2-13. Evaluation and Comparison of Courses of Action
In paragraph 4 of the estimate, the planner evaluates and compares the various COA
developed in paragraph 3. He does this by comparing the COA to determine which one CAN
best BE SUPPORTED FROM THE HSS PERSPECTIVE. He lists those difficulties which will have
different effects on each possible COA. This then enables him to evaluate these COA in
terms of their inherent strengths and weaknesses. By next comparing the possible COA in
the light of these strengths and weaknesses, he is able to identify further the basic
advantages and disadvantages of each. He does not draw conclusions at this time, but
defers this action until the comparison of all possible COA is completed.
2-14. Conclusions
a. Paragraph 5 of the estimate represents the end of the thought process of the
estimate and is the basis for the development of the HSS plan. The statements represent
the command surgeon's or medical commander's "decision" and serve as a guide to
other staff members and/or subordinates in their planning.
b. The planner--
(1) Indicates whether the HSS mission for the operation can/cannot be accomplished.
(2) Indicates which COA can best be supported from the HSS perspective.
(3) Lists factors which may adversely affect the health of the command.
(4) Lists the limitations and deficiencies in the preferred COA that must be brought to
the commander's attention.
(5) Includes a COA which is less than desirable, but which best supports the
commander's operational mission with the most economical use of available HSS resources.
(6) Provides a general statement if the HSS mission cannot be accomplished.
c.
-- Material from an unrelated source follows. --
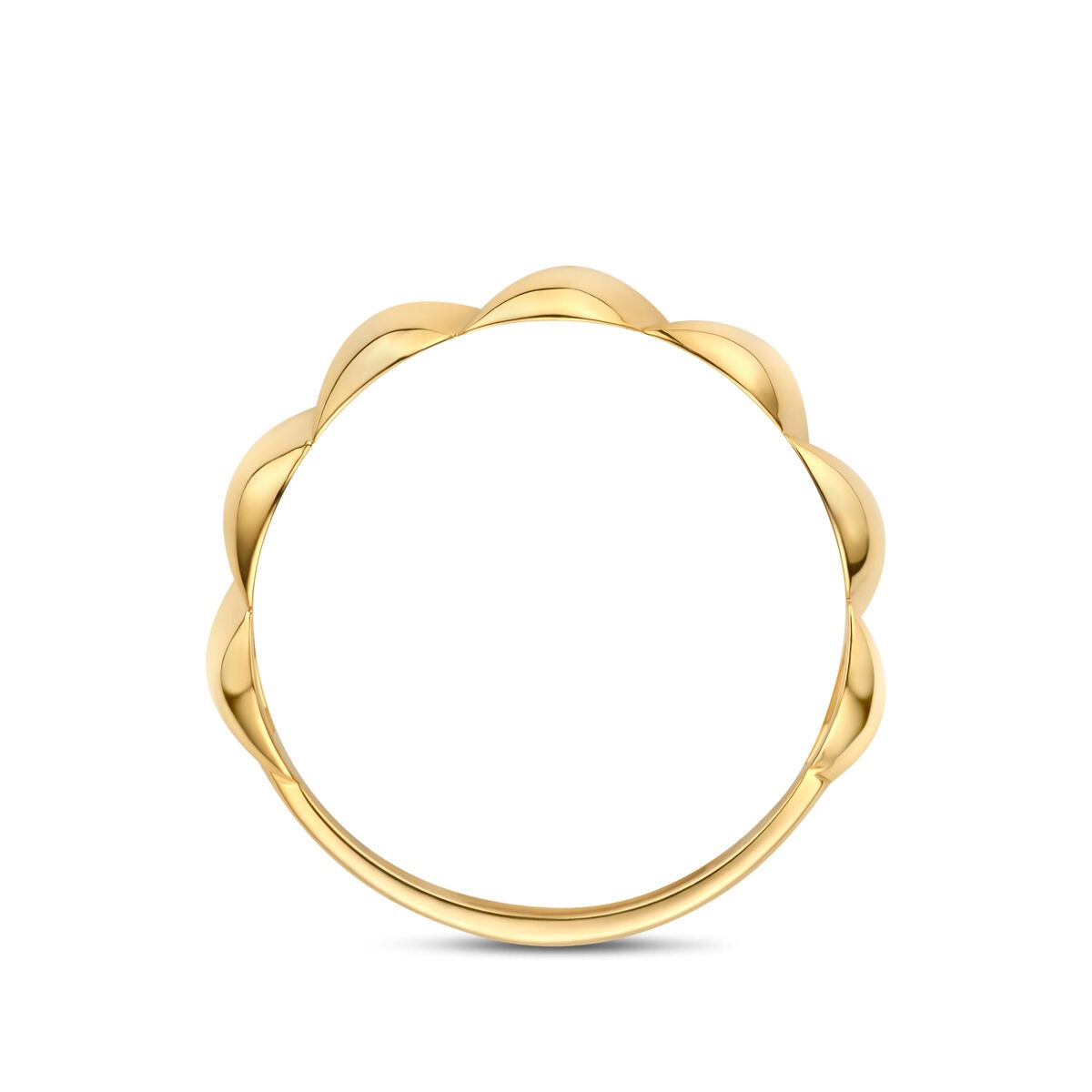 9k Geelgouden damesring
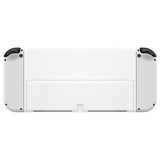 eXtremeRate White Console Back Plate DIY Replacement Housing Shell Case with Kickstand for Nintendo Switch OLED – Console and Joycon NOT Included - GLUSOP002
Further details regarding general estimates of the situation are contained in FM
101-5.
2-15. Mission, Enemy, Terrain and Weather, Troops, and Time Available
The acronym METT-T (mission, enemy, terrain and weather, troops, and time available) is a
useful tool to remember and organize planning considerations, particularly when the plan
is not a formal written plan, or when the planner does not have quick access to planning
references.
a. Mission refers to the same responsibilities and considerations as discussed in
paragraph 2-10.
b. Enemy refers to considerations discussed in paragraph 2-11a, enemy situation.
c. Terrain and weather refers to the considerations discussed as "characteristics
of the AO" in paragraph 2-11c.
d. Troops refers to the friendly situation, paragraph 2-11b, and to the resources
available, paragraph 2-12c.
e. Time refers to the amount of time available to formulate and execute the plan.